Wednesday, April 12, 2017

Why Jesus Hates Fig Trees

So in honor of this week set apart to observe all the things that surrounded Jesus’ suffering, death and resurrection (Holy Week) I believe one of the most unsettling verses might just be the best way to enter into it!

In Mark 11 Jesus and his disciples stroll into Jerusalem. Jesus, who is riding on a peace donkey instead of a war horse, gets a kingly welcome with palm branches and coats thrown over the road and the people confess him as the continuation of the Davidic kingdom (11:7-10).  Things might just turn out okay!  Except, the very next day Jesus does something completely un-peaceable and unpredictable. He curses a perfectly good fig tree when he found it had all leaves and no fruit!

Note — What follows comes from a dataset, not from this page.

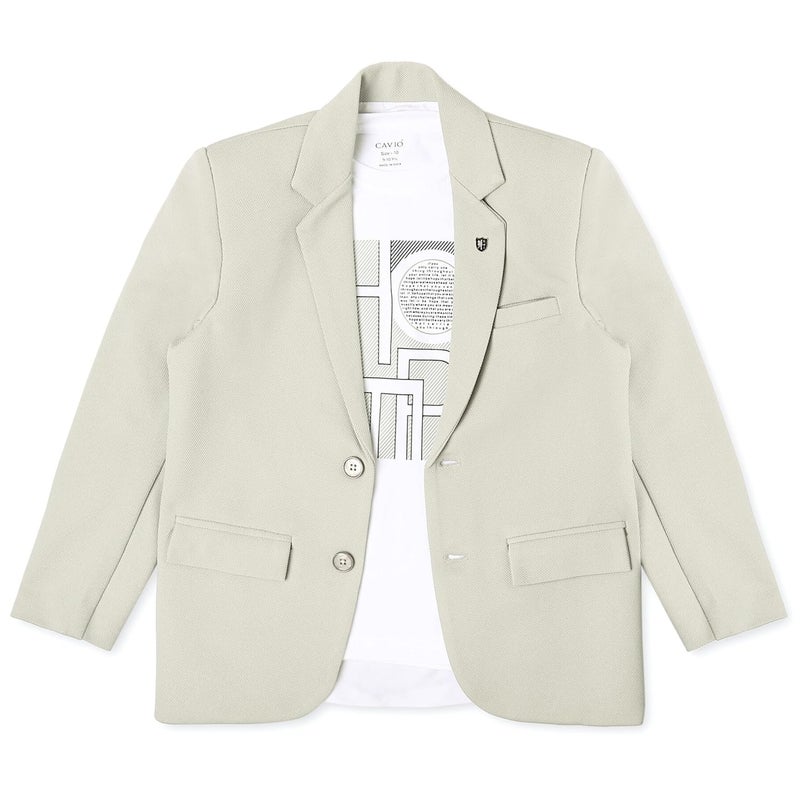 CAVIO Boys Regular Fit Solid Blazer and T-Shirt - Image 2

What’s more is that he does it on his way to indict the Pharisees and the temple for desecrating what was supposed to be set apart for God. 

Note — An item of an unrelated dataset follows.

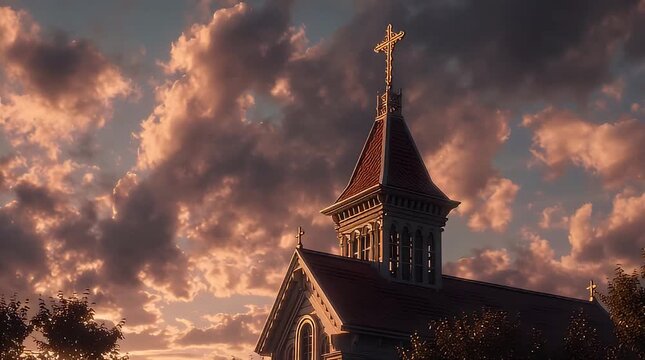 Church Building Steeple Cross Sunset Sky.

I have to admit, for a long time I never understood why Jesus would curse a tree for not having any fruit on it (while he was hungry mind you) especially since it wasn’t even the season for figs (Mk 11:12-14). My initial thought was, gee I guess Messiahs are prone to smite when their blood-sugar is low, but as much as I like to insist on this as a valid interpretation that is not what’s happening.  This is actually something more akin to performance-art of the prophetic genre. And like performance art, which seeks to rejuvenate art after artists have become dissatisfied with the traditional forms of art, Jesus too was dissatisfied with some traditions mucking up God’s expressions. 

Therefore, interpreting symbolism is vital to our making sense of this scene. Consider the idea that a “Fig Tree”, especially in Jerusalem, is no more just a tree than the Bald Eagle is just an eagle in Washington D.C. (or anywhere in the US).  It carries enormous symbolism with it. Fig trees were an icon of blessing, leadership, provision, but most importantly, it symbolized the temple and its structure which itself was a sign of justice and maintaining order. We should then conclude that the fig tree is thematically tied to the following temple scene and thus stands as a symbol for God’s judgment on Israel’s “out of season” religious leaders.

In Tim Geddert’s commentary on Mark, he makes the point that Jesus was no more punishing the tree than he was the temple as neither did anything wrong, but the religious leaders were being unfaithful to God and neighbor (12:40) so it became a prophetic symbol.[1] Upon entering the temple, Jesus’ suspicions are confirmed (just like with the tree) the religious leaders are “all leaves and no fruit”[2]  We should infer some things from the elements pointed out in Jesus’ condemnation to see what their out of season fruitlessness means.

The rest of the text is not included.